The policeman looked dubiously at the cousins, who looked anything but tired, muttered his apologies and went on his way. Dick banged Mrs Martin on the back.
"Three cheers for Mrs Martin! Hip hip..."
"Hooray!" shouted the others.
"Thanks so much," said George.
"My pleasure," said Mrs Martin. "I don't know what the world's coming too, I really don't, when villains like those men who beat up poor Tom have the right to complain about a dog who defends his mistress."
"Hey look!" cried Anne, spotting three figures in the doorway to the conservatory. "Here's Jules and..." Her eyes fell briefly on Sally, Jules's wife, who was small and plump with blonde hair, and then she spotted a girl aged about 11, with short curly dark hair, wearing the Gaylands school uniform and a mutinous expression.
"Matt!" shouted George. "Hey, Matt! Come over here and meet my cousinsat last!"
Matt greeted Julian, Dick and Anne curtly, and immediately went to stand beside George.
"Matt, be nicer to your uncles and aunt," said her father, sternly. "They'll think you're very impolite."
"I don't care," responded Matt, scowling at him. "I don't care what they think – I don't care what anybody thinks, or what they do, only about whatyou've done."
"Oh, Jules, please put her out of her misery," said Sally.
"I tried to explain earlier," responded Jules, testily, "but she wouldn't hear me out. Just exploded."
Julian looked at the sulky expression on Jules's face to the similar one on Matt, and nudged Dick and Anne. "Don't they look like George and Uncle Quentin used to?" he whispered.
Dick and Anne laughed. Matt and Jules glowered at them.
"What is the problem with you two?" demanded George. "I should have thought you'd be happy today, Matt – no school and all that!"
"I would be if it weren't for him," returned Matt, nodding towards her father.

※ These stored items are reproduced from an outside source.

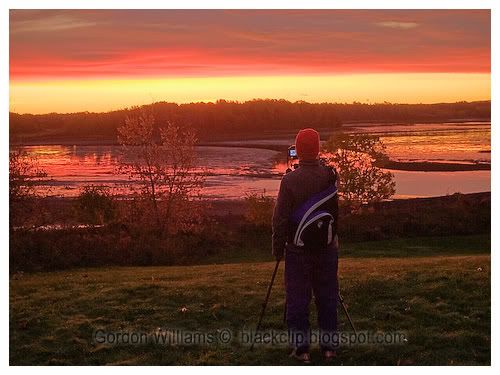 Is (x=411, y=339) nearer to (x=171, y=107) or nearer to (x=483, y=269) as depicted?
(x=483, y=269)

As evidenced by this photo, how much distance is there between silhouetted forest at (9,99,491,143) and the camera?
80.8ft

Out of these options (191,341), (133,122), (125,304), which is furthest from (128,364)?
(133,122)

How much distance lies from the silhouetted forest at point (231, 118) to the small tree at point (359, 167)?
916 centimetres

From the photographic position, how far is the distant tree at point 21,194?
2652cm

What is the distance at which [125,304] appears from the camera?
1065cm

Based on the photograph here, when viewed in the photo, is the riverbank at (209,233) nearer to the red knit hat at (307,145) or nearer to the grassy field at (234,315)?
the grassy field at (234,315)

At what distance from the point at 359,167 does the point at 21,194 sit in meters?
26.1

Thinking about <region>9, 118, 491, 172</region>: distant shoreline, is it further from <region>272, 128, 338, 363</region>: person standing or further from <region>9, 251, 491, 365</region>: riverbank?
<region>272, 128, 338, 363</region>: person standing

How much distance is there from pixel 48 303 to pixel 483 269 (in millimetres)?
7633

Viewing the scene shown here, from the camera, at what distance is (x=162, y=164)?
3784 cm

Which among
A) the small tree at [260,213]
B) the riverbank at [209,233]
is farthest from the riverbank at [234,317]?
the small tree at [260,213]

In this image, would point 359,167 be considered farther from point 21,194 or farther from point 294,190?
point 294,190

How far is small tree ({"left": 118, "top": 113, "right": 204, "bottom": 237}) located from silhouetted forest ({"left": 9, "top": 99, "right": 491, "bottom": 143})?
1.09m

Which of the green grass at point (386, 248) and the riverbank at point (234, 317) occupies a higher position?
the riverbank at point (234, 317) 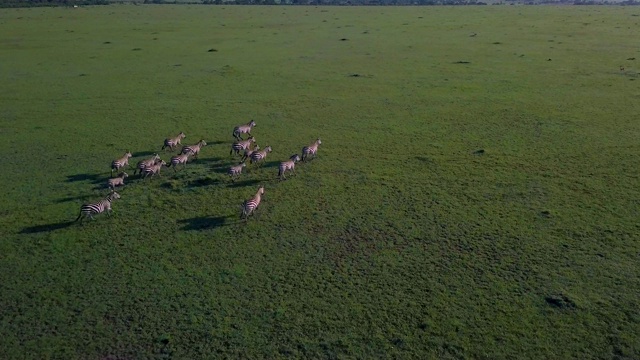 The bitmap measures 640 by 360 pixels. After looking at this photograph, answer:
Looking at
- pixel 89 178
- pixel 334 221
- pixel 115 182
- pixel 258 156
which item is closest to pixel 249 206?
pixel 334 221

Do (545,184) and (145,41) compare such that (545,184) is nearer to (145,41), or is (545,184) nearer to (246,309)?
(246,309)

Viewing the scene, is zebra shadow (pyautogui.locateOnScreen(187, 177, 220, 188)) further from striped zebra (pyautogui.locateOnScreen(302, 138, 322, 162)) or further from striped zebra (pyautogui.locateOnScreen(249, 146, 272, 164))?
striped zebra (pyautogui.locateOnScreen(302, 138, 322, 162))

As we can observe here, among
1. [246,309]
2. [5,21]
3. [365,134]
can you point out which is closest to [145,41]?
[5,21]

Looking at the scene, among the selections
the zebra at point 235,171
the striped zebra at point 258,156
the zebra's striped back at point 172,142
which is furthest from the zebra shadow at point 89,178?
the striped zebra at point 258,156

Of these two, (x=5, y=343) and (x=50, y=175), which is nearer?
(x=5, y=343)

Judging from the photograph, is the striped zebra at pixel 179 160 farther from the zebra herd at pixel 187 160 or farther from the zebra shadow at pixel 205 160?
the zebra shadow at pixel 205 160

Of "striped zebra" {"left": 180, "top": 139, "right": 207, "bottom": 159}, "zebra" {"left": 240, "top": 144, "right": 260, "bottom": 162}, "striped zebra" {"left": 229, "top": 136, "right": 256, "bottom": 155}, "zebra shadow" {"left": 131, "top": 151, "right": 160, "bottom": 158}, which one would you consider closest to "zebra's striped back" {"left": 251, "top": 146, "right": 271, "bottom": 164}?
"zebra" {"left": 240, "top": 144, "right": 260, "bottom": 162} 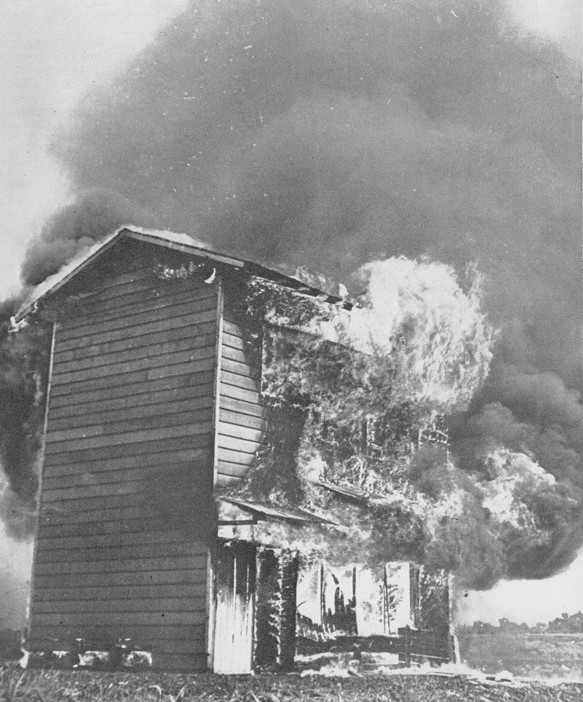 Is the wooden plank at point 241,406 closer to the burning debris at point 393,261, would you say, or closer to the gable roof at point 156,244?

"What's he done?" asked George.
"Only says that he's going to live in London permanently because of business and not go back to Kirrin Cottage for weekends and holidays!"
"Is that true?" said George, aghast. "You're not going to sell Kirrin Cottage are you, Jules? It's been in our family for years and years..."
"Just hear me out – both of you," said Jules. "Yes, Matt's right – I'm too busy in London to use the cottage at weekends and for holidays. And Sally is miserable there on her own and would rather be with me in London. However, I'm not going to sell it. In fact I was thinking Mother that you and your cousins are far too able-bodied to be living in a retirement home. If you can creep around secret passages, then you're taking rooms away from old people who really need them. So what I suggest is this – that the four of you live at Kirrin Cottage permanently. I can organise meals on wheels for you and a cleaner and a gardener, and you can just do whatever you want to do."
The four cousins beamed at each other in delight. Go and live at Kirrin Cottage! Spend their final years in the place they all loved best!
"I can do some cleaning and cooking," said Anne. "I quite miss it really."
"Always the little housewife," said Dick, putting an arm around his sister.
"I say, Jules," said Julian, "that's jolly decent of you to suggest it. We'd all love to live there."
"Well, I'm sorry you're going," said Mrs Martin, "but your son is right, Miss Kirrin. You're still a bit too active for a retirement home! But I'll be happy to have you all back whenever you're ready."
"This is wonderful," sighed George. "All together at Kirrin Cottage – that means I'll be able to keep Timmy. And you can stay with us for the holidays whenever you want to, Matt."
"And you can visit my island whenever you want to," said Matt, who was smiling happily now that she realised Kirrin Cottage wasn't for sale.
"Splendid!" said George. "We can row over there in your boat, Matt, take a picnic like we used to. Goodness, I bet we'll have some fine adventures once we're all back there."
And so they did – but that's another story.